Ilgın Yorulmaz

02 Şubat 2025

"Black Box Diaries": Japonya'nın cinsel taciz ve tecavüz karşısında kahreden sessizliği

Japonya’da cinsel saldırıya uğrayan kadınların yüzde 96’sı polise suç duyurusunda bulunamıyor. Bunun bir nedeni utanç olsa da diğeri de yargıya olan güvensizlik. Japonya’da bir kadın ile bir adam arasında geçenler her ne olursa olsun “özel yaşam” olarak değerlendiriliyor ve “kara kutu” adıyla anılıyor

2 Mart gecesi açıklanacak olan Oscar Ödülleri adayları arasında En İyi Belgesel dalında yarışan “Black Box Diaries” (Kara Kutu Günlükleri) de var.

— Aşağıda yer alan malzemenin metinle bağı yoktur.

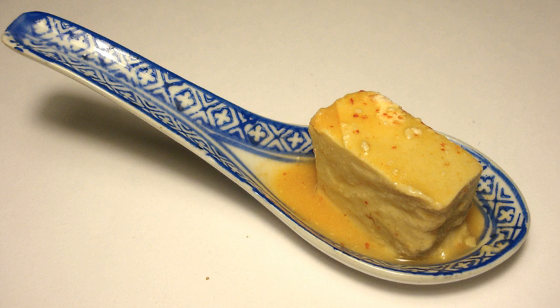The texture and taste of fermented bean curd resembles a firm, smooth paste not unlike creamy blue cheese. Indeed, this kind of tofu is sometimes called 'Chinese cheese' in English. Refrigerated, it can be kept for several years, during which time its flavor is believed to improve.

Ancak belgesel Japonya’da neredeyse yasaklı durumda.   

Shiori Ito adlı genç bir Japon gazetecinin 2015 yılında Tokyo’da kendi başından geçen tecavüzü ve sonrasında ülkenin arkaik yargı sistemine karşı verdiği sekiz yıllık hukuki mücadeleyi tüm açıklığıyla anlatan otobiyografik yapım Japonya’da  #MeToo hareketinin de sembolü oldu. 

Belgesel ülkede cinsel saldırı gibi bir tabuyu yıkan konusu gereği milliyetçi ve muhafazakar Japonlar tarafından eleştiri yağmuruna tutulsa da Ito’nun yıllarca süren hukuk mücadelesi sonucunda açtığı kamu davasını kazanması ve bu mücadelenin sonuçlarından biri olarak Japonya’da 2023 yılında yani tam 110 yıl sonra rıza yaşının 13’ten 16’ya yükseltilmesi bile ibretlik bir başarı. 

Ito, hala derin kodların ve hiyerarşinin egemen olduğu, sosyal uyumu sürdürmek adına rahatsız edici gerçeklerin bastırıldığı ve bireyselliğin susturulduğu Japon kültüründe konuşmayı seçiyor. Bir kadının güç ve mevki sahibi bir erkeğe karşı hukuk mücadelesinde sistemik olarak susan Japonların aslında bu tavırlarıyla istismarın sürdürmesine olanak sağladığına dikkat çekiyor.

* * *

Her şey 4 Nisan 2015 tarihinde o sırada 25 yaşında genç bir gazeteci olan ve Reuters’in Tokyo bürosunda staj yapan Shiori Ito’nun dış haberler muhabirliği konusunu danışmak için Japon TBS televizyon kanalının o zamanki Washington temsilcisi olarak görev yapan Noriyuki Yamaguchi’den randevu almasıyla başlıyor.  Yamaguchi Ito’ya Tokyo’da bir restoranda buluşup konuşmayı teklif ediyor. Ito TBS ofisi yerine böyle bir yerde buluşmayı başta yadırgasa da nezaketsizlik etmemek için çaresiz kabul ediyor. 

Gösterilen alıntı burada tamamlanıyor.